0
votes

I'm using the following PROC SQL step to pull data:

PROC SQL;  

create table panel as  
select ID, Month, Var1, Var2, Var3  
from data  
order by ID, Month;  
quit;  

I want to use the data to build a balanced panel data set, but there will be IDs missing, which means the value for each variable for each month should equal zero.

I cannot figure out how I can write a query or any data steps that will insert the missing IDs into the data set for each month and then give zeros as values.

For example, my query will make the following table:
UNBALANCED PANEL

My problem is that there is an ID "A" that is not represented in the data that I'm pulling, but ID "A" does exist. Also, to add complexity, ID "C" appears in the PROC SQL intermittently rather than on a monthly basis, but I would like to show it as zeros for each month it does not appear in the database.
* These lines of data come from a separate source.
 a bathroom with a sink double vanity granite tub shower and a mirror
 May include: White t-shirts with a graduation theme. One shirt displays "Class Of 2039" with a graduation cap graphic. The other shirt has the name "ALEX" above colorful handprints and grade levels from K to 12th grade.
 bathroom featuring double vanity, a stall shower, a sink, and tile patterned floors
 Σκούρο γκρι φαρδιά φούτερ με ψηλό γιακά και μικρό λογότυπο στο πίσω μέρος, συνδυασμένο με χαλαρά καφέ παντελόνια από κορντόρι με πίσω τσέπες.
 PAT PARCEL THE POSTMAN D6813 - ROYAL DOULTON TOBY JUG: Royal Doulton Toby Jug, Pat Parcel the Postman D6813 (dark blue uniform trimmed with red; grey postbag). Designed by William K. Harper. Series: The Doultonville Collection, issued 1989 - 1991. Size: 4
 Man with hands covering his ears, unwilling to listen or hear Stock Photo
Therefore, I'm trying to have any missing data for known IDs appear for each month and with zeroes for each Var.

For example:
BALANCED PANEL

This has been stumping me for a few weeks and if anyone has any insights then it would be greatly appreciated!

1
Instead of asking all of us to lookup what a balanced panel data set is, you might shortly define itDirk Horsten

1 Answers

0
votes

This will not be the most elegant solution but it uses basic code that's easy to understand:

1) Have a dataset will all known IDs and Months

data ids;
infile datalines;
input ID $;
month='Jan'; output;
month='Feb'; output;
month='Mar'; output;
month='Apr'; output;
month='May'; output;
month='Jun'; output;
month='Jul'; output;
month='Aug'; output;
month='Sep'; output;
month='Oct'; output;
month='Nov'; output;
month='Dec'; output;
datalines;
A
B
C
D
;
run;

(this example is static as I don't know your data but if you can pull them from somewhere, e.g. select distinct ID, Month from table, it's of course much better)

2) Do your proc sql as you did:

proc sql;
create table panel as  
select ID, Month, Var1, Var2, Var3  
from data  
order by ID, Month;  
quit;

3) Then right join your result with the "table of zeroes to get those records for the 'missing IDs'

proc sql;
create table panel_balanced as
select coalesce(t1.ID,t2.ID) as ID
      ,coalesce(t1.Month,t2.Month) as Month
      ,coalesce(t1.var1,0) as var1
      ,coalesce(t1.var2,0) as var2
      ,coalesce(t1.var3,0) as var3
from panel t1
right join ids t2
  on t1.ID=t2.ID
  and t1.Month=t2.Month
;
quit;

You can of course combine step 2 and 3 into one query or even do the whole thing in one SQL query if the table from step 1 can also be created with SQL.